Figure 4. Effects of RAGE and DIAPH1 on macrophage properties.

Figure 4

(A and B) Ki67 (A) and TUNEL (B) staining was performed on aorta sections from diabetic donor Ldlr—/— mice and WT, Ager—/—, and Diaph1—/— diabetic recipient mice. Scale bar: 250 μm. N = 5 mice/group. (C) Schematic of bead assay for tracking monocyte/macrophages in atherosclerotic plaques. (D) Representative images and quantification of the beads per lesion area from sections from nontransplanted diabetic Ldlr—/— and diabetic WT, Ager—/—, and Diaph1—/— recipient mice 5 days after aortic transplantation. Scale bars: 250 μm, and inset, 50 μm.
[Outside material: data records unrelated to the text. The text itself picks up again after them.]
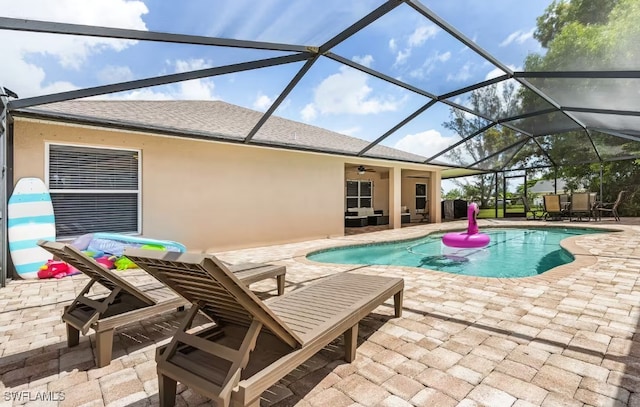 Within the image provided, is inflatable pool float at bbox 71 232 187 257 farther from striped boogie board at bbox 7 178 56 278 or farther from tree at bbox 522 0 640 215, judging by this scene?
tree at bbox 522 0 640 215

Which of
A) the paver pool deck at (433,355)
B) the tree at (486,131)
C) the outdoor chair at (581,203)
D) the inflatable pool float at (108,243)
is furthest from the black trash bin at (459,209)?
the inflatable pool float at (108,243)

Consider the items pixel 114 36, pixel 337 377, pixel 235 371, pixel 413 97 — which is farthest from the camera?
pixel 413 97

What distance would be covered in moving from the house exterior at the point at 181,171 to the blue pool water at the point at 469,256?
92.4 inches

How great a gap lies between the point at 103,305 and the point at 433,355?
9.82ft

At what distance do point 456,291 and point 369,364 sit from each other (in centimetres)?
260

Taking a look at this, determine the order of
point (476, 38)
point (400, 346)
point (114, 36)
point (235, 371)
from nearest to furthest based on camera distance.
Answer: point (235, 371) → point (400, 346) → point (114, 36) → point (476, 38)

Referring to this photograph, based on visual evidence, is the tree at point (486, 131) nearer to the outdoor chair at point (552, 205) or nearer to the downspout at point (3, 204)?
the outdoor chair at point (552, 205)

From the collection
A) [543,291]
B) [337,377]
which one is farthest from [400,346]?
[543,291]

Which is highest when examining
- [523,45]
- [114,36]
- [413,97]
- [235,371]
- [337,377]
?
[523,45]

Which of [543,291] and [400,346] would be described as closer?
[400,346]

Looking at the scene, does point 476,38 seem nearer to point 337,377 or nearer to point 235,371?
point 337,377

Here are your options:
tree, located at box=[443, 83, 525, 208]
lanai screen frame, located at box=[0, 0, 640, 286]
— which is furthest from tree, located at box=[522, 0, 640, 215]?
tree, located at box=[443, 83, 525, 208]

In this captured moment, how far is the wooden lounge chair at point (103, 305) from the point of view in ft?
8.91

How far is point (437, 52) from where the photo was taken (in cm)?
632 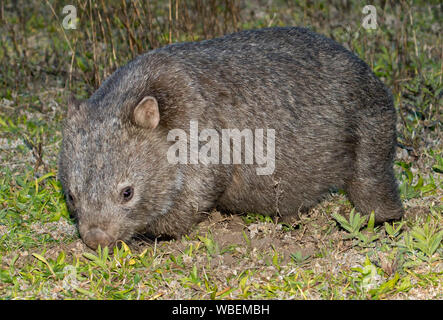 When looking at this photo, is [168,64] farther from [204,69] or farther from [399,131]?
[399,131]

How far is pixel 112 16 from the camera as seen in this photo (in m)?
6.51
In D, no-bead control is shown (N = 10 mice/group). (E) Role of RAGE and DIAPH1 in reverse transendothelial migration of macrophages. BMDMs from WT, Ager—/—, and Diaph1—/— diabetic mice were subjected to reverse transendothelial migration assays at 2, 24, and 48 hours. N = 6 mice/group. (F) Gene expression of selected pro- (Nos2 and Tnfa) and antiinflammatory genes (Arg1 and Il10) in BMDMs retrieved from BMDM-MAEC cocultures after transendothelial migration assay at 48 hours. N = 4 mice/group. Mean ± SEM. Unpaired t test or Mann-Whitney U test (A, B, and F) depending on the normality of the data. Kruskal-Wallis test followed by Dunn’s multiple comparisons test (D). One-way ANOVA with post hoc Tukey’s test (E). *P < 0.05, **P < 0.01, ***P < 0.001, and ****P < 0.0001.